This problem asks:

Given: Two protein strings s and t in FASTA format (each of length at most 1000 aa).

Return: The maximum alignment score between s and t. Use: The BLOSUM62 scoring matrix. Linear gap penalty equal to 5 (i.e., a cost of -5 is assessed for each gap symbol).

References

  1. Alignment scores
  2. Sequence alignment scoring functions
  3. Blocks Substitution Matrix (BLOSUM)
  4. Global alignments
  5. BLOSUM62 scoring matrix
  6. Gap penalties

Restating the problem

I’m going to get two protein strings.
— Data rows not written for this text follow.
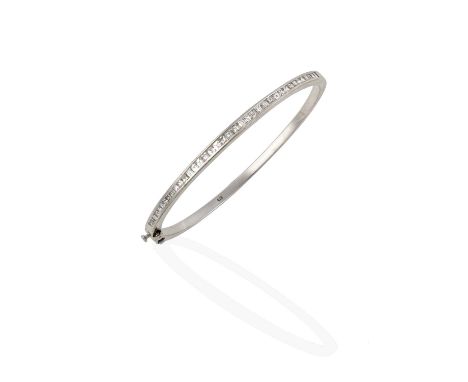 the tapered square-cut diamonds in a white channel setting, to a plain polished hinged back, total estimated diamond weight 1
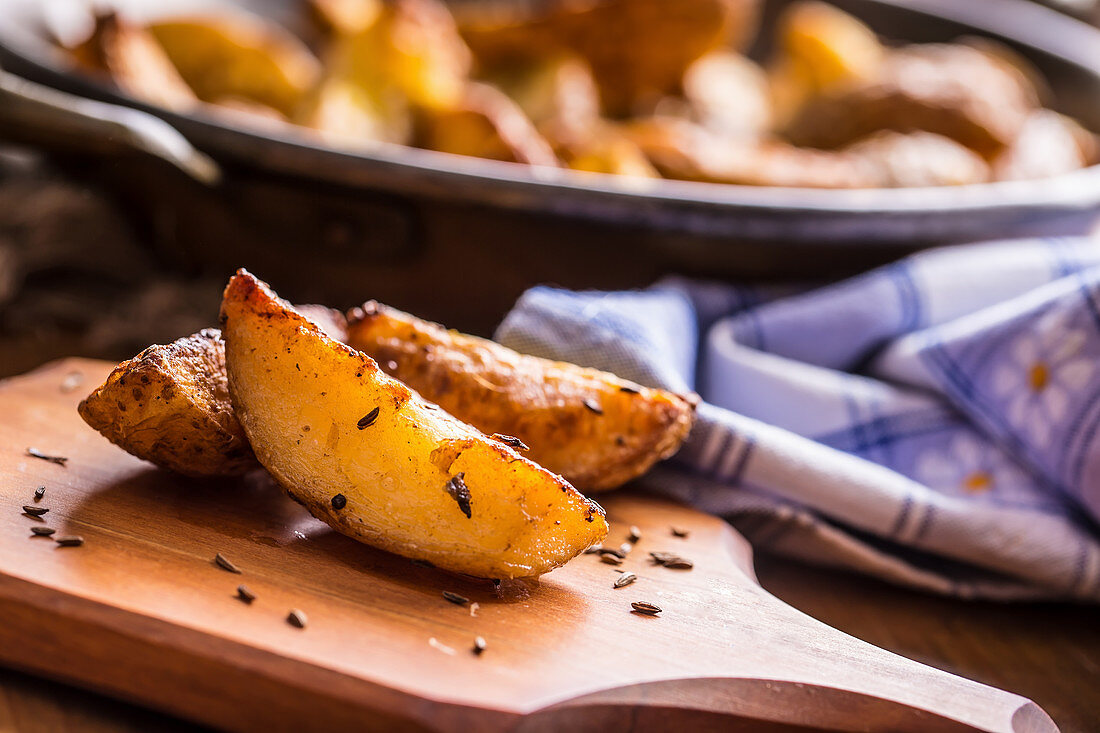 Roasted potato wedges with caraway seeds (close up)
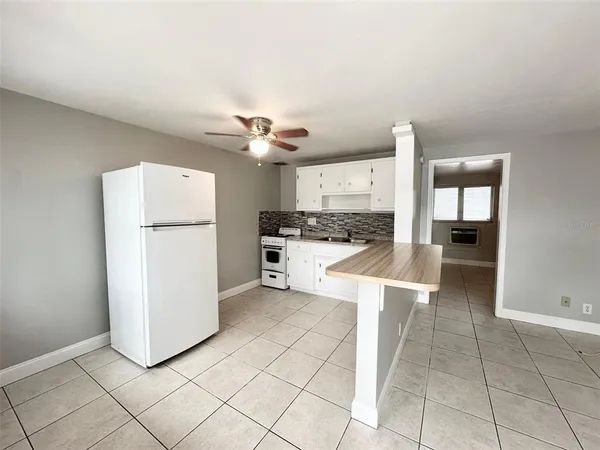 a kitchen with a refrigerator a stove top oven and a kitchen island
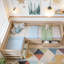 Lit plateforme simple en forme de L avec trois tiroirs de rangement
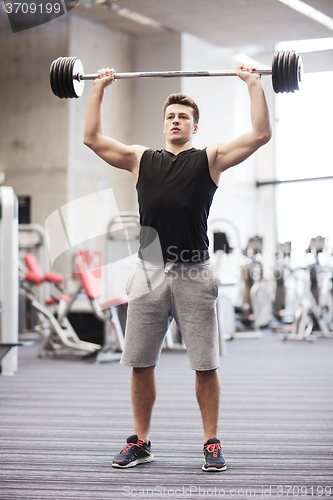 Image of young man flexing muscles with barbell in gym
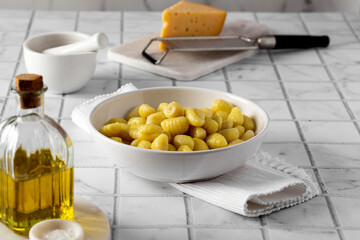 Italian gnocchi on a minimalist light kitchen table
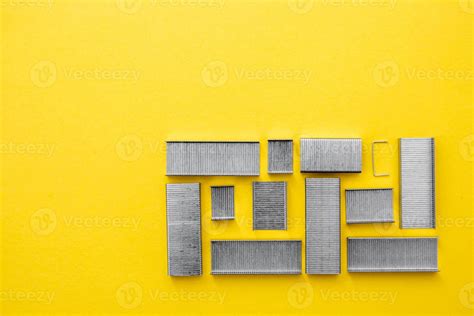 Metal staples for stapler on yellow background 4718225 Stock Photo at Vecteezy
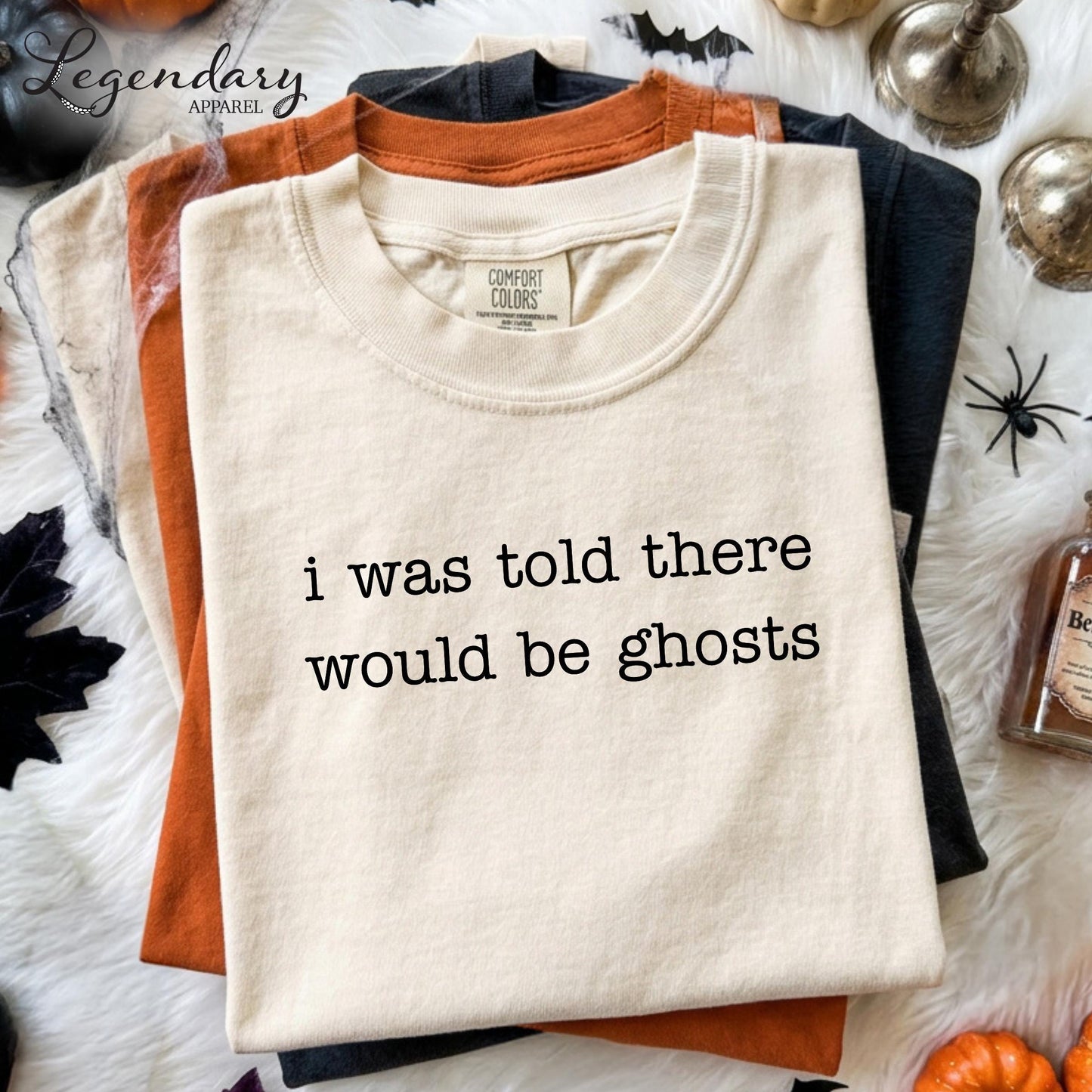 a white t-shirt with the text "I was told there would be ghosts" printed on it, along with a label that reads "Comfort Colors". The t-shirt is displayed on a white surface, surrounded by various Halloween-themed items such as a bottle, a pumpkin, and a spider.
I need to calculate their BLOSUM62 alignment score.

Solution steps

I installed the Biopython Pairwise Aligner and read the documentation to set the parameters as shown here:

aligner = Align.PairwiseAligner()
aligner.substitution_matrix = substitution_matrices.load("BLOSUM62")
aligner.open_gap_score = -5
aligner.extend_gap_score = -5
alignments = aligner.align(s, t)
print(alignments[0].score)

This configuration returned a correct result on challenge dataset.

Post-solution notes

Challenges solved so far: 65

How many people solved this before me: 934

Most recent solve before me: 16 days ago

Time spent on challenge: 40 minutes

Most time-consuming facet: reading the Biopython Aligner documentation

Solutions from others: Many solvers wrote their own alignment algorithms.

Closing thoughts: I could modify my existing edit distance algorithm to keep track of the alignment score, but I’m deciding not to do that for now. Maybe I’ll come back later and write that code. For now, I’m satisfied with my solution that uses Biopython.